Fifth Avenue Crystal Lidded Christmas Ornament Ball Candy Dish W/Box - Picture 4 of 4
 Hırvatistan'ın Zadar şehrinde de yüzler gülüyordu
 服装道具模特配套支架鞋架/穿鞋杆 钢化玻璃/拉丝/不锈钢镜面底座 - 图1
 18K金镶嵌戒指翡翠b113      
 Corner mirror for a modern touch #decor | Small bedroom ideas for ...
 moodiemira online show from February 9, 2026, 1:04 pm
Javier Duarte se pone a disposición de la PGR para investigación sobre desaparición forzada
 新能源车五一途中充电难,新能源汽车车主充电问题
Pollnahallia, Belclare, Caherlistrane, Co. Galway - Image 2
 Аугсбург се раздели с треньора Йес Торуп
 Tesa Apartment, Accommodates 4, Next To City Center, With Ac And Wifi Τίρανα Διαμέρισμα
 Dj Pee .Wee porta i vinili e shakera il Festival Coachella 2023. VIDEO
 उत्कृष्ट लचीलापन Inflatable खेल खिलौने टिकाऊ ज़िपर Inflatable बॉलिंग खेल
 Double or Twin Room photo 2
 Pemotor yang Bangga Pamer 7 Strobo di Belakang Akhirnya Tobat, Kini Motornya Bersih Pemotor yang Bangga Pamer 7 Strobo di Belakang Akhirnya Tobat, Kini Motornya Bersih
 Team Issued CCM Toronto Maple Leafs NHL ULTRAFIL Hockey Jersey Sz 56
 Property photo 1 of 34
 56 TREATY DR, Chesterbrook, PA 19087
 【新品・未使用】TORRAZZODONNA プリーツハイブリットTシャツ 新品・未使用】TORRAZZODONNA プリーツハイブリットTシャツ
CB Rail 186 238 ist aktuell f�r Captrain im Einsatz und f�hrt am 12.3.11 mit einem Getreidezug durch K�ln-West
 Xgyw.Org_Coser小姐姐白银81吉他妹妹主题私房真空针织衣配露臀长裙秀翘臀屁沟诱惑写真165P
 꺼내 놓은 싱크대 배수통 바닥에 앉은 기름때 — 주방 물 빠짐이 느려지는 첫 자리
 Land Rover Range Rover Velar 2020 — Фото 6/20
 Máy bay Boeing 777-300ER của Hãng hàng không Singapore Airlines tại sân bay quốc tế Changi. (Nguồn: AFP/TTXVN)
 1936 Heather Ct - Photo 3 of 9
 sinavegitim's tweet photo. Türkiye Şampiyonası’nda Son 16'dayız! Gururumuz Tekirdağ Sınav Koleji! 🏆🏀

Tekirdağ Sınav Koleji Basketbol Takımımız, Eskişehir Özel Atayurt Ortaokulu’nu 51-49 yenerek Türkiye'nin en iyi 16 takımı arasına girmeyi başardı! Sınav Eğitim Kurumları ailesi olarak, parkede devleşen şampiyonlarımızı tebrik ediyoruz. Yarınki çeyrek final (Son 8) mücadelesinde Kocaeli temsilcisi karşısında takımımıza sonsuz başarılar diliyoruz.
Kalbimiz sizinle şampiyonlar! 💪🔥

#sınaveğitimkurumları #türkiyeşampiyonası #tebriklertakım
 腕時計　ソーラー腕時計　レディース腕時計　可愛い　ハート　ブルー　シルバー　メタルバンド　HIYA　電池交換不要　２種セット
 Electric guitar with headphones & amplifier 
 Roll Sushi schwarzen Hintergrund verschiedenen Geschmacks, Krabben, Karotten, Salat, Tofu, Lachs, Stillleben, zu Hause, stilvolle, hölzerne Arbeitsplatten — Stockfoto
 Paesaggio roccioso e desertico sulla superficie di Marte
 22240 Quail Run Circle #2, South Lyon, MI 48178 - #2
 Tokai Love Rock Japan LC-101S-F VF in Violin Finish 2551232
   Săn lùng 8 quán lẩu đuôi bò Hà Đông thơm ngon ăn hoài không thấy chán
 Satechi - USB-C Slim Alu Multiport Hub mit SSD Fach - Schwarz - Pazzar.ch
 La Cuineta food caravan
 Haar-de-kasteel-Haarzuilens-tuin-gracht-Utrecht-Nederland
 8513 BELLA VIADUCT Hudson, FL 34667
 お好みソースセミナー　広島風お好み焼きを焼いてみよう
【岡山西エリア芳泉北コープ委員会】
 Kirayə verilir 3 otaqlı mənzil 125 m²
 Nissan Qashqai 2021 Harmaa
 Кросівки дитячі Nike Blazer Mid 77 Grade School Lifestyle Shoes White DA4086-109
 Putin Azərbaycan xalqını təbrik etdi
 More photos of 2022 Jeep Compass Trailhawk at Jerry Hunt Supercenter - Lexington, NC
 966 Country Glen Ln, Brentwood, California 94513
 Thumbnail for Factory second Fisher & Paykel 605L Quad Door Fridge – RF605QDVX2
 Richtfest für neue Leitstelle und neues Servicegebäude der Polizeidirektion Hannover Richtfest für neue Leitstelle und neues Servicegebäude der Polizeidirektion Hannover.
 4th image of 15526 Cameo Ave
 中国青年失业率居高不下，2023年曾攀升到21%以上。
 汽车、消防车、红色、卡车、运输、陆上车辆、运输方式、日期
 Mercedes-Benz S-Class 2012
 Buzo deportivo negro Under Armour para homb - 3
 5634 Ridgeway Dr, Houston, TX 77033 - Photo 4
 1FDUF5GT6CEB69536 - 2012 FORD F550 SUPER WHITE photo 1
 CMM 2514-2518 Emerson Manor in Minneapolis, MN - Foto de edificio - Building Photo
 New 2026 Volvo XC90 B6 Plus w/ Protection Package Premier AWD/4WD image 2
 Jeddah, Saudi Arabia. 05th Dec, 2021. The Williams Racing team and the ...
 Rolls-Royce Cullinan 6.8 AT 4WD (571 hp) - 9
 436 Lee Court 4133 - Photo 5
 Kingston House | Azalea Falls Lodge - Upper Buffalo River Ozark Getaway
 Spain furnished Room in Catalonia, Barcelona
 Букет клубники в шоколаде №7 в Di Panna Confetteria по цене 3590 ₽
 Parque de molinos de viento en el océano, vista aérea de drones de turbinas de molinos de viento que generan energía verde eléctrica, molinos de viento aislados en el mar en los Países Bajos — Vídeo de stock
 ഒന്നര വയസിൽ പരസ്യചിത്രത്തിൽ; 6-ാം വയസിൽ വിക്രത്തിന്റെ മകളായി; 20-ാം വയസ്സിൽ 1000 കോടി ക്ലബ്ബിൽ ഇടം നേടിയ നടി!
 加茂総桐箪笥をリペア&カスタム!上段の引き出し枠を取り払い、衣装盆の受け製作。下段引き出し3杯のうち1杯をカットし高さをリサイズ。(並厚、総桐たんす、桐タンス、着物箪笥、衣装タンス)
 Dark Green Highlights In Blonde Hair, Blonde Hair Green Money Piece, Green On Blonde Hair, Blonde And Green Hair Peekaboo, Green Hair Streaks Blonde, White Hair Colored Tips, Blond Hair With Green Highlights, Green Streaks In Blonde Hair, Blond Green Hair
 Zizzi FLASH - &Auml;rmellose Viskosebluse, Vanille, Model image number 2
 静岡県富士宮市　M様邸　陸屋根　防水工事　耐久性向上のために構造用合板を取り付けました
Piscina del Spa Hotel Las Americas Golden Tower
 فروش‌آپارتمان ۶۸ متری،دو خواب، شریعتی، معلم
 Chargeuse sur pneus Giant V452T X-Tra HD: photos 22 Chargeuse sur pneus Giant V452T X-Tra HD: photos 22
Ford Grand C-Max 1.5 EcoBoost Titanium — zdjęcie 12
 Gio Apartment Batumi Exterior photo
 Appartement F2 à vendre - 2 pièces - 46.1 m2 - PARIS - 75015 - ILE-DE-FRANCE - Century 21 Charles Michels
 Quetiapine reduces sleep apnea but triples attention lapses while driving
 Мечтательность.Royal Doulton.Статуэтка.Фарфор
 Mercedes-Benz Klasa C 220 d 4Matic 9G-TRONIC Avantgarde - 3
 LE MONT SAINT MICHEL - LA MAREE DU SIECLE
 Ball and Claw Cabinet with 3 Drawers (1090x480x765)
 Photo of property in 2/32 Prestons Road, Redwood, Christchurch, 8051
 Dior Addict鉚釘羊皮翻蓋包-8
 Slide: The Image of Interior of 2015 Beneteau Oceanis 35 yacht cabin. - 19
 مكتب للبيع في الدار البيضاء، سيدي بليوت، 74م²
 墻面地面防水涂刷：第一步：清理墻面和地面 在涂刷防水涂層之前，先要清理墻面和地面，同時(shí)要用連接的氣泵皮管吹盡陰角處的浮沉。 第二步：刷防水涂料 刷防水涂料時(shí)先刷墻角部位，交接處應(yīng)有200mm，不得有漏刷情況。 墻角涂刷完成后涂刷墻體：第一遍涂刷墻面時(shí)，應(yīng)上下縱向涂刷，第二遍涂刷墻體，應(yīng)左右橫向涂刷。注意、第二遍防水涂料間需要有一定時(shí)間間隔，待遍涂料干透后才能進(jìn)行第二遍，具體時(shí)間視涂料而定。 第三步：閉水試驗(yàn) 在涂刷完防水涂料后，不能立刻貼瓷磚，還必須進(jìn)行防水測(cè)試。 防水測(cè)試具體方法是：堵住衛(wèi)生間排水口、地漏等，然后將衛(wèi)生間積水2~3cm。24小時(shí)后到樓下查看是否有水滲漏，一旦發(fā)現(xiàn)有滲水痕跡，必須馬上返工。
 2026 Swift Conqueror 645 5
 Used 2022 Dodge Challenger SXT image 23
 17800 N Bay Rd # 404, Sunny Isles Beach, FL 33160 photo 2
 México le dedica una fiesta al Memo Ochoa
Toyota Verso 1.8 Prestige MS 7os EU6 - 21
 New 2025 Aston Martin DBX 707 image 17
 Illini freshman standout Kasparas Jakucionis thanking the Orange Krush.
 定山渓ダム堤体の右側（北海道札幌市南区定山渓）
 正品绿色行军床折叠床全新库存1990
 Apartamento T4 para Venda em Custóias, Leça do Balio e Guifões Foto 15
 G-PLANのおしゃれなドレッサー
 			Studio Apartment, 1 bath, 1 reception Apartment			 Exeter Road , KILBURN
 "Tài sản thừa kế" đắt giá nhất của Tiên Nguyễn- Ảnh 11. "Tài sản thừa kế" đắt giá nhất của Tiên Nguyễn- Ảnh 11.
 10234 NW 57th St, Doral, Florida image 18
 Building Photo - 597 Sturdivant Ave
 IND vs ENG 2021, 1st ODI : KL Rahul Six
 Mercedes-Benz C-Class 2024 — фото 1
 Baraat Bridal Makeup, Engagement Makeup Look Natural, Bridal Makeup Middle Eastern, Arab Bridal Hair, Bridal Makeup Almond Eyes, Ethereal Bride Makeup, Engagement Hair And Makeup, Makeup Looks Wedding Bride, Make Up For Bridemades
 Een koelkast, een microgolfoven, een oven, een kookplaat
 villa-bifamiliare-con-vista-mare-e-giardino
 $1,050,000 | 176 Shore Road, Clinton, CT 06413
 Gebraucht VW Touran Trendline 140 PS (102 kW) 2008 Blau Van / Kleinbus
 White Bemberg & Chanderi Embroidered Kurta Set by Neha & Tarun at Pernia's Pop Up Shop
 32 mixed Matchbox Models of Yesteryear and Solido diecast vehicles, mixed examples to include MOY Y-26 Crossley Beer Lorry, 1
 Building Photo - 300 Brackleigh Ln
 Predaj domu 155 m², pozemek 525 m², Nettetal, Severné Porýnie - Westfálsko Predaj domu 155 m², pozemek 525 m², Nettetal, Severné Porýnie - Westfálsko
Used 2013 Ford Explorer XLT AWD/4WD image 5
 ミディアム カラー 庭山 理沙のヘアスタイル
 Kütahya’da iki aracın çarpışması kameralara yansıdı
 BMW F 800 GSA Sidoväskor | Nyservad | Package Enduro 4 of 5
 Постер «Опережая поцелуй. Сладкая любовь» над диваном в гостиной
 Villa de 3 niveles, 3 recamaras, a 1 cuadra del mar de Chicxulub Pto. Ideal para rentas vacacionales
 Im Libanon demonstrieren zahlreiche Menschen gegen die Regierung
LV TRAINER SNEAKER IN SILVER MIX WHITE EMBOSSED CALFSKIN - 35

________________

» **What the task requires**:
Send back an exact copy of only the lines from the line with "CMM 2514-2518 Emerson" up to and including the line with "Jeddah, Saudi Arabia." in the data above.

» **Output below**:
 CMM 2514-2518 Emerson Manor in Minneapolis, MN - Foto de edificio - Building Photo
 New 2026 Volvo XC90 B6 Plus w/ Protection Package Premier AWD/4WD image 2
 Jeddah, Saudi Arabia. 05th Dec, 2021. The Williams Racing team and the ...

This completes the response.